For traders, the aforementioned limitations of liability and the restrictions of limitation periods in Section 6.2 do not refer to claims for damages and reimbursement
of expenses that the buyer may assert due to statutory provisions for defects according to Section 7.
The forwarding agent has to be immediately notified by the Client of any obvious transport damages and the Seller be informed accordingly. Should the Client fail to comply therewith, this shall not affect his/her statutory or contractual claims for defects.
Should supplementary performance be rendered by means of replacement delivery, the Client is obliged to resend the initially delivered goods to the Seller within 30 days at the Seller’s expense. For return shipment of deficient goods statuary provisions shall apply.
The Seller shall be liable for any contractual and quasi-contractual claims and for claims of liability in tort regarding damages and effort compensation as follows:
The Seller shall face unlimited liability
- in case of intent or gross negligence,
- in case of injuries of life, body or health resulting from intent or negligence,
- in case of a promise of guarantee, unless otherwise provided,
- in case of liability resulting from mandatory statutory provisions such as the product liability and safety law.
Provided that the Seller negligently infringes an essential contractual duty, the liability to pay damages shall be limited to the foreseeable, typically occurring damage, unless unlimited liability applies pursuant to Section 7.1. Essential contractual obligations are obligations the contract imposes on the Seller according to its content to meet the purpose of the contract and whose fulfillment is essential for the due and proper implementation of the contract and on the fulfillment of which the Client can regularly rely.

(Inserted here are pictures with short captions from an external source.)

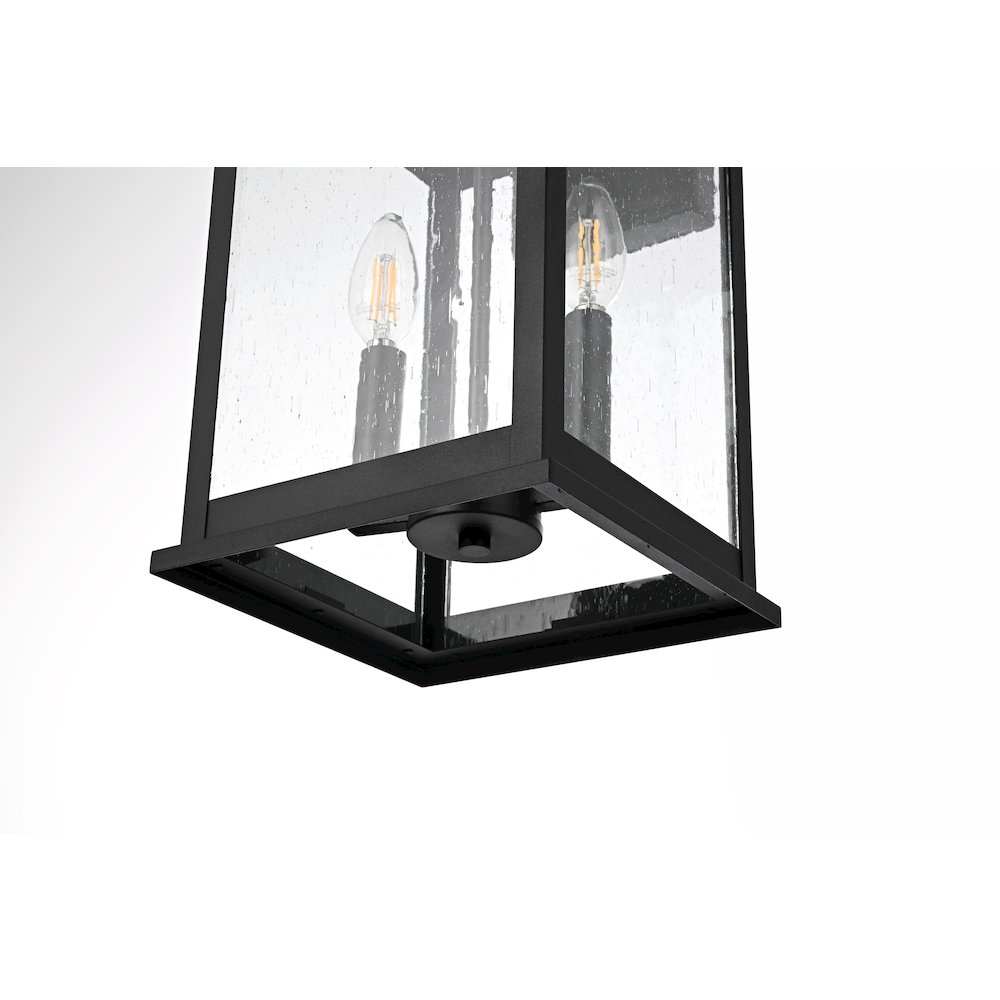 Ringgold 8.5 Inch Outdoor Wall Sconce In Black. Picture 5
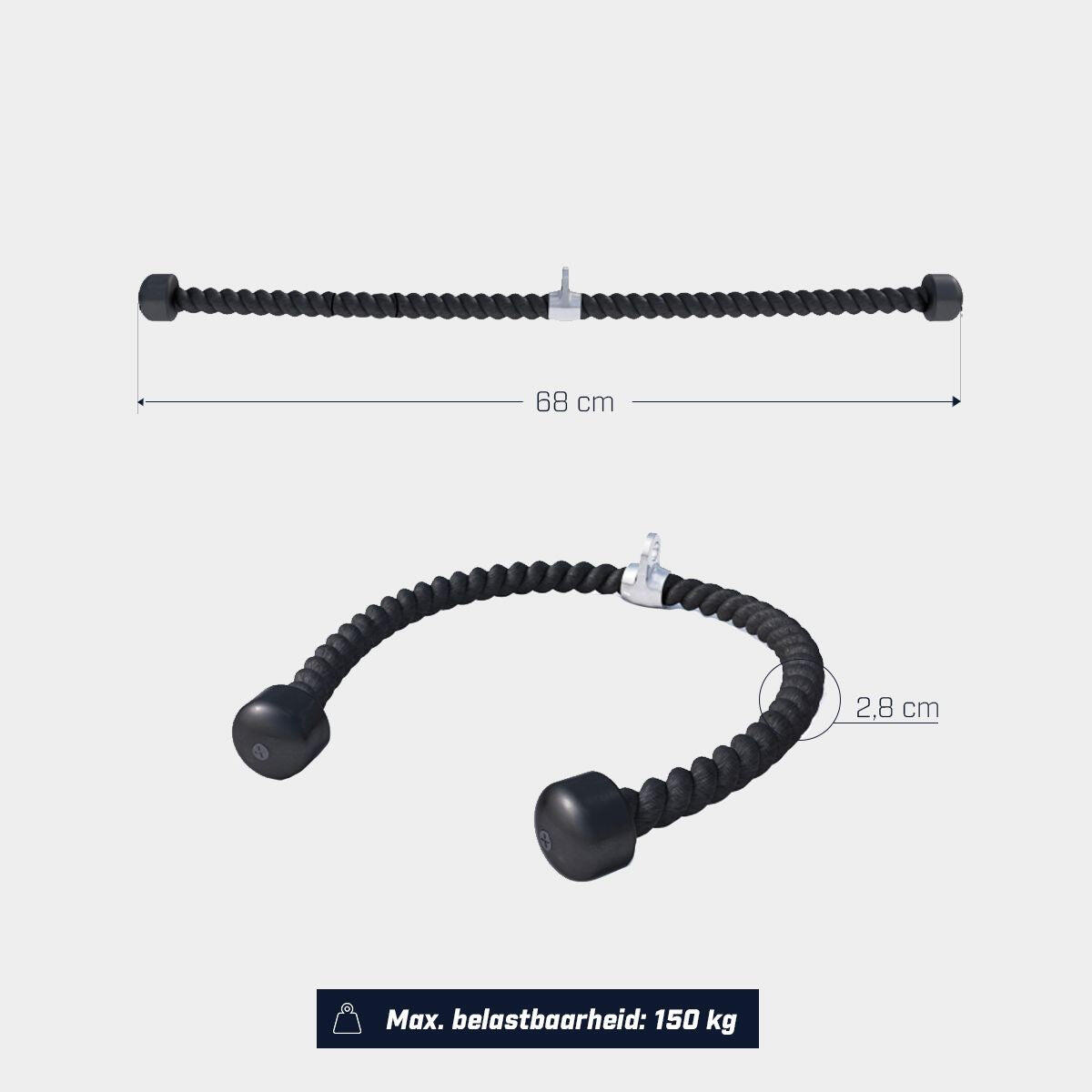 CORDE DE TRACTION EN NYLON | MUSCULATION | PLUSIEURS TAILLES DISPONIBLES 7/7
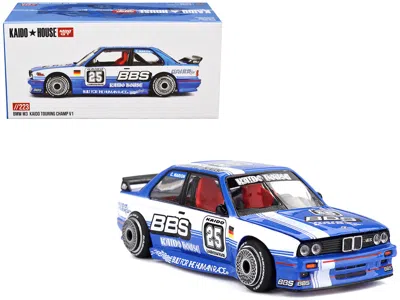 Mini Gt Bmw M3 "kaido Touring Champ V1" #25 Blue With White Stripes (designed By Jun Imai) "kaido House" Spe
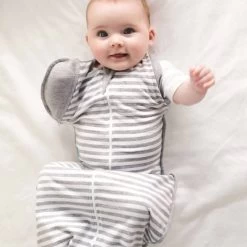 Love To Dream™ Babyslaapzak Swaddle Up™ - Inbakeren Afbouwen - Baby 6-9 Maanden - 8.5-11 Kg - All Season - Grijs -Babyartikelen Winkel 1200x1200 826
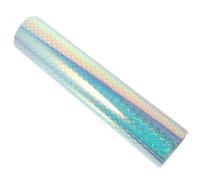 NUSITOU Autocollants en Vinyle Holographique à Motif Écailles de Poisson pour Gobelets, Décoratifs et Amovibles, Feuille Pet Unique pour DIY Coloré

For the rest the Seller’s liability is excluded.
The aforementioned provisions on liability apply also for the Seller’s liability regarding his legal representatives and vicarious agents.
8) LAW AND JURISDICTION
The law of the Grand-Duchy of Luxembourg shall apply to any contractual relations between the parties, excluding the UN-Convention on Contract for the International Sale of Goods. For consumers this choice of law is applicable only insofar as the provided protection has not been withdrawn due to compelling provisions of the State in which the Client has his usual place of residence.
Furthermore, this choice of law regarding the right to cancel does not apply to consumers, who are not nationals of a member state of the European Union at the time of concluding the contract and whose exclusive domicile and delivery address are located outside of the European Union at the time of concluding the contract.
If the Client is a registered trader, a legal entity of public law or of special fund under public law having its seat in the territory of Grand-Duchy of Luxembourg, the exclusive jurisdiction for all disputes arising out of this contract is the Seller’s registered office. If the Client is domiciled outside of the territory of the Grand-Duchy of Luxembourg, the registered office of the Seller will be the exclusive jurisdiction for all disputes arising out of this contract provided that the contract or claims arising out the contract can be attributed to the professional or commercial activity of the Client. In this case, the Seller is also entitled to invoke the court at the place of business of the Client.